PART I – Since your love became my calling
Aunt Marjaneh, a graduate in political science, had been employed by the Ministry of Education and appointed the headmistress of a small elementary school in an extremely poor district in South Tehran. She was very happy with her post because it gave her an opportunity to educate and help some of the city’s poorest children. She had always dreamt of following in the footsteps of her role model, Samad Behrangi, a teacher and children’s writer who had drowned in the river Aras 10 years ago. It was a mysterious death that most of the opposition groups attributed to the Shah’s secret service.
It was Aunt Marjaneh who took charge of educating me in the concepts of justice and equality. She wasn’t a communist but she had considerable respect for its ideas, especially the need to provide equal opportunity. She was always encouraging me to read Samad’s stories, the most important of which was The Little Black Fish. A little fish lived with his family in a small stream but wanted to know about the world beyond. He decided to leave the dirty stream in search of the sea, about which he had heard from a travelling fish. When he finally reached the sea, he fought the dreaded Pelican and ultimately sacrificed his life to free the other fish from the terror of that predator. I remember crying for nights when I first read it; Mum had to ask Aunt Marjaneh not to recommend any more stories to me. But neither Marjaneh nor I cared and she continued to initiate me in the world of stories without happy endings—the life of Che Guevara, of Martin Luther King and of the Iranians who had been assassinated by the Shah’s regime. She believed I needed to grow up strong in order to survive in a cruel world. I believe she was right— although I still preferred the fairy tales with their happy endings.
Her position as headmistress would give her the power to put some of her ideas into practice; at least, that was what she thought at the beginning. Every once in a while she took me to her school where I made friends with the boys even though we were from completely different worlds. They were from poor and uneducated families, the sort of people I couldn’t and wouldn’t have known if it weren’t for Aunt Marjaneh. She tried hard in the local department of the Ministry of Education to raise enough funds to buy new clothes for her pupils before New Year’s Eve, and added extra classes for them dedicated to reading and discussing books. On one occasion, accompanied by the ‘Tutor of Islamic Manners’, a new post in the school created after the Revolution to ensure that children received proper instruction on Islamic good manners, she took me to the homes of a few of her students to hand out the new clothes she had succeeded in buying for them. Seeing the smiles on the faces of those children and their families in those modest little flats gave me enormous pleasure. Aunt Marjaneh was doing her best to teach me that I didn’t need to be rich to be happy. Whenever I craved something, the memory of the sparkle in their eyes brought me down to earth.

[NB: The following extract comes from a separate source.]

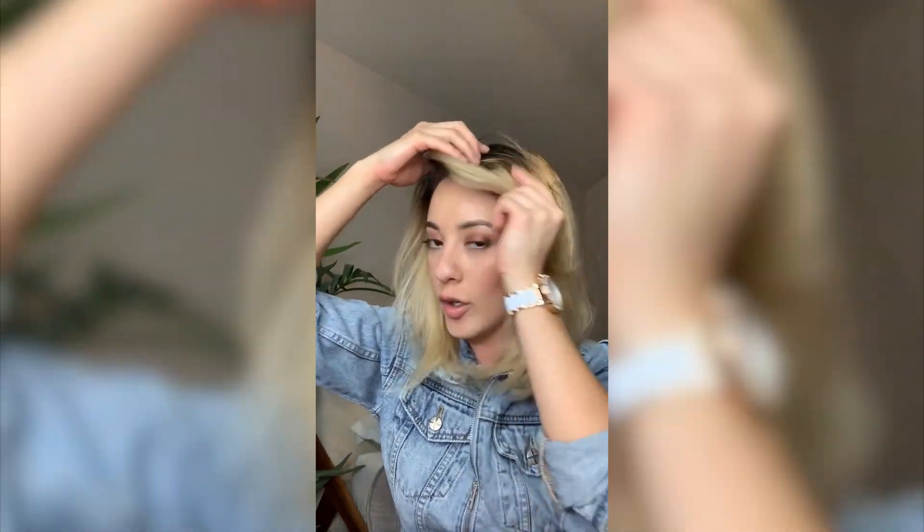Clearly we're not wearing our bangs like that, but look at this volume! This is what I call voluminous, sexy, salon-worthy blowout volume.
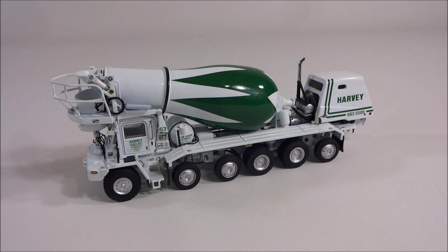Anyway, that's about it. If you have any questions or comments, feel free to ask. If you'd like to see more of what we have, please subscribe to Maryland Construction Diecast. Thanks for watching.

But Aunt Marjaneh didn’t really succeed in her efforts. A year later, the parents of one of her pupils complained about her to the Ministry of Education, claiming that she was trying to corrupt their child’s mind with communist ideas while teaching them things that they didn’t need to know. She was soon demoted to teaching Arabic and, two years later, was relegated to administrative work with no direct contact with the children. She became seriously depressed and some time later, on the spur of the moment, she resigned from all her responsibilities and left Iran for Germany with her husband and young son. Other than very short visits to the family, she never returned to Iran.
The combination of her teachings and my Islamic training turned me into a fanatic. I began to pray three times a day, trying to hide it from dad who I believed was opposed to my new and consuming interest in Islam. I refused to sleep in my comfortable bed and preferred the bare floor without a pillow or a mattress on the grounds that there were millions of people who couldn’t afford a comfortable bed and I wanted to show my solidarity with them. I ate only as much as I needed and refused to eat anything delicious lest I be led astray by the pleasures of this world . . . I was only nine years old.
But it wasn’t easy to deceive dad. Once, while I was praying, he opened the door to my room. I couldn’t interrupt my prayer; it is a cardinal sin to do so unless it is a matter of life and death. Dad said nothing and quietly closed the door. When I finished praying, I didn’t dare walk out of my room; I didn’t want to face dad who, I believed, would receive me with ‘the look’. After a while, however, he knocked on the door and entered my room with a smile.
‘I’m sorry I entered your room without knocking. If you want to pray Arash, pray,’ he chuckled. ‘It’s your decision. Don’t be afraid. I’ve always taught you to be a free man. You are free to choose what you want to believe in.’ He knew that my fervour wouldn’t last long but he did begin to pay me more attention. It was then that we set off on our book-hunting quests.